All,
I have a script i have in place which fetches JSON off of a webserver. Simple as the following:
url = "foo.com/json"
response = requests.get(url).content
data = json.loads(response)
but i noticed is that sometimes instead of returning the JSON object, it will return what looks like a response dump. See here: https://pastebin.com/fUy5YMuY
What confuses me is to how to continue on.
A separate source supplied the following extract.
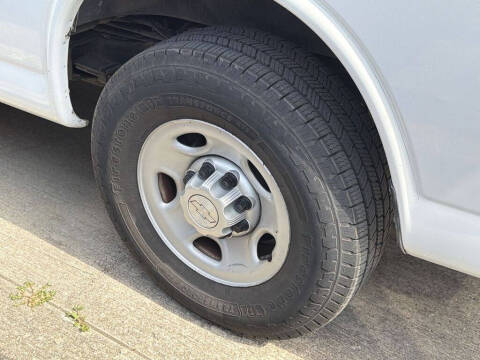 2017 Chevrolet Express 2500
Right now i took the above python and wrapped it
try:
url = "foo.com/json"
response = requests.get(url).content
data = json.loads(response)
except Exception as ex:
with open("test.txt", "w") as t:
t.write(response)
print("Error", sys.exc_info())
Is there a way to catch this? Right now I get a ValueError... and then reparse it? I was thinking to do something like:
except Exception as ex:
response = reparse(response)
but im still confused as to why it will sometimes return the JSON and other times, the header info + content.
def reparse(response):
"""
Catch the ValueError and attempt to reparse it for the json contnet
"""
Can i feed something like the pastebin dump into some sort of requests.Reponse class or similar?
Edit Here is the full stack trace I am getting.
File "scrape_people_by_fcc_docket.py", line 82, in main
json_data = get_page(limit, page*limit)
File "scrape_people_by_fcc_docket.py", line 13, in get_page
data = json.loads(response)
File "/System/Library/Frameworks/Python.framework/Versions/2.7/lib/python2.7/json/__init__.py", line 338, in loads
return _default_decoder.decode(s)
File "/System/Library/Frameworks/Python.framework/Versions/2.7/lib/python2.7/json/decoder.py", line 369, in decode
raise ValueError(errmsg("Extra data", s, end, len(s)))
ValueError: Extra data: line 2 column 1 - line 16 column 367717 (char 3 - 368222)
None
In the above code, the response
variable is defined by:
response = requests.get(url).content
which is odd because most of the time, reponse will return a JSON object which is completely parsable.
Ideally, I have been trying to find a way to, when content isnt JSON, pass some how parse it for the actual content and then continue on.